Y el presidente tiene prisa en llevar a cabo la reforma al sistema judicial de acuerdo con su ideal y utiliza la misma razón -o el mismo pretexto- que para todo lo demás. No importa el que pueda tener el resto de los mexicanos. Tiene prisa porque octubre está cerca y él conoce la historia de México y sabe que nadie le garantiza lo que suceda después de septiembre.

Pero, por otro lado, los magistrados y jueces llaman a la resistencia. En sendos posicionamientos enviados a la prensa en diversos momentos entre el 10 de junio y hoy las diversas organizaciones que agrupan a los impartidores de justicia del sistema judicial federal, entre ellas la Asociación Nacional de Magistrados de Circuito y Jueces de Distrito del Poder Judicial de la Federación (JUFED), primero manifestaron su preocupación por elementos de la propuesta presidencial y al final se manifestaron en una posición “abierta al diálogo, porque reconoce que el poder judicial forma parte del sistema democrático constitucional que debe regir en México”; además, la mayoría de los actuales ministros de la Suprema Corte de Justicia de la Nación proclamaron cuando menos su preocupación cuando no su oposición al proyecto que, de aprobarse, cambiaría la cara de nuestro país tal y como la conocemos.

¿Quién podría sorprenderse de la postura adoptada por magistrados y jueces? Desde el 1 de enero de 1995, cuando al presidente Ernesto Zedillo no le tembló la mano para cerrar la Suprema Corte de Justicia de la Nación bajo el argumento formal de que se trataba de una respuesta a la exigencia ciudadana de una mejor impartición de justicia, separar de sus cargos a los 26 ministros y promulgar reformas a los 20 artículos constitucionales que regulan su actuar, los magistrados y jueces se han comportado como un partido político, es decir, como movimiento colectivo que quiere cambiar la sociedad. Su programa no ha sido del dominio público, no ha tenido fronteras, no ha estado cercano al capitalismo ni al socialismo.

El primer problema que plantea esta especie de partido político dentro del Poder Judicial radica en la cualidad esencial que se espera de un magistrado: la imparcialidad. La independencia es importante, y los jueces en el sistema judicial mexicano la tienen a su alcance y garantizada por el marco legal, pero también lo es la imparcialidad. El derecho a ser juzgado por un tribunal imparcial es uno de los primeros derechos devenidos de la Declaración de los Derechos del Hombre y el Ciudadano, inspiración de los sistemas sociales que rigen al mundo occidental -también al nuestro- y que también es tan apreciado por la misma unión de magistrados y jueces en nombre del Estado de Derecho.
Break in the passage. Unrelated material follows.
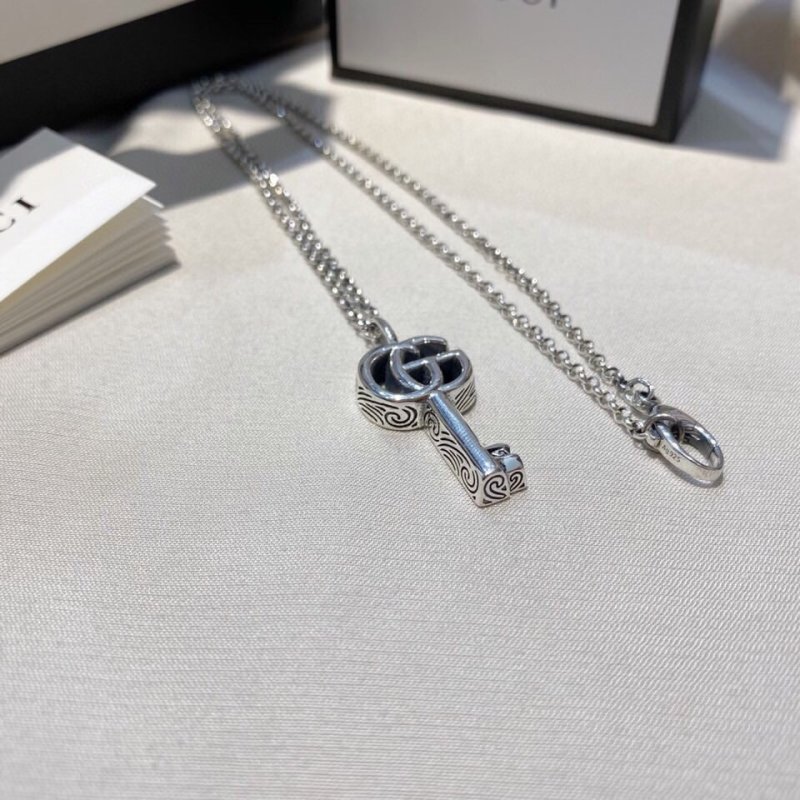 Gucci Double G Vintage Key Silver Necklace view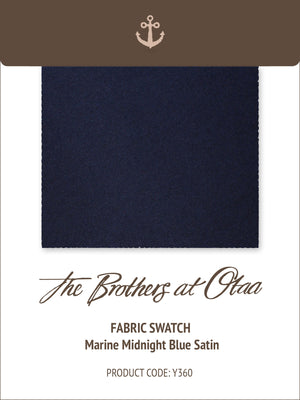 Fabric Swatch (Y360) - Marine Midnight Blue Satin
El problema para los ciudadanos comunes, en medio de esta discusión, se nos traduce en que ¿ser juzgado por un activista político es realmente una garantía de imparcialidad? El mito que defienden unos es que cuando se ponen la toga de juez, dejan su credencial política en el guardarropa. ¿Quién puede creerlo? Por el contrario, ¿quién creerá que un juez o magistrado electo bajo el principio del voto popular, pero a través de las estructuras políticas que ejercen en el país no tendrá a esos institutos políticos y a sus patrones muy presentes en cada sentencia y en sus deliberaciones? Sería un insulto para estos hombres y mujeres, en cada extremo de este espectro, imaginar que abdican de sus sinceras y profundas convicciones cuando se ponen la toga.
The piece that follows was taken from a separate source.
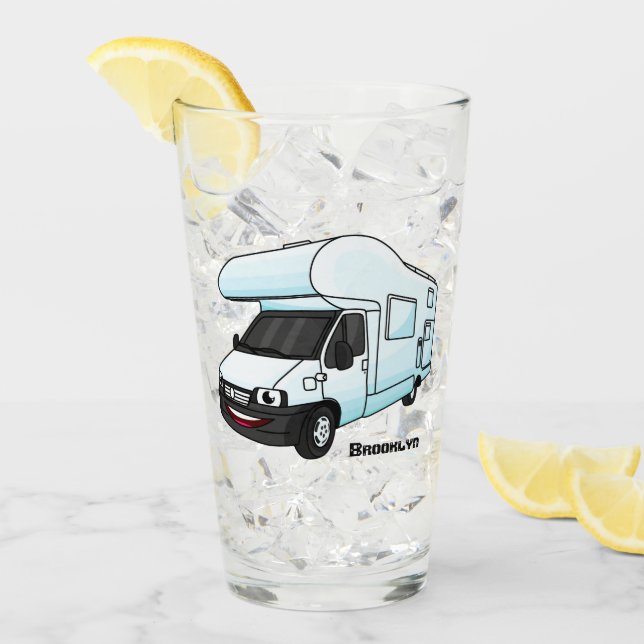 Verre Illustration d'un campervan heureux (Devant glace)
Estudios y encuestas muestran que las principales razones que generaron la aplastante mayoría, más del 60%, de los votos que obtuvo el partido del presidente son, junto con el poder adquisitivo, la inseguridad y la impunidad, preocupaciones que también se encuentran entre muchos votantes de centro y, por supuesto, incluso de la derecha mexicana. Sin embargo, ¿quién se encarga de castigar a los infractores y hacer cumplir las leyes, si no son los magistrados? ¿Podremos, después de haber hecho campaña y electo a nuevos jueces, a través de los años, mejorar la respuesta penal y satisfacer la voluntad popular, que exige constantemente el fin de la impunidad y la violencia descontrolada? O, con el tiempo, ¿de nuevo tendremos que sentirnos ofendidos por el hecho de que los mexicanos alcemos la voz en las urnas para ver finalmente respetada nuestra voluntad?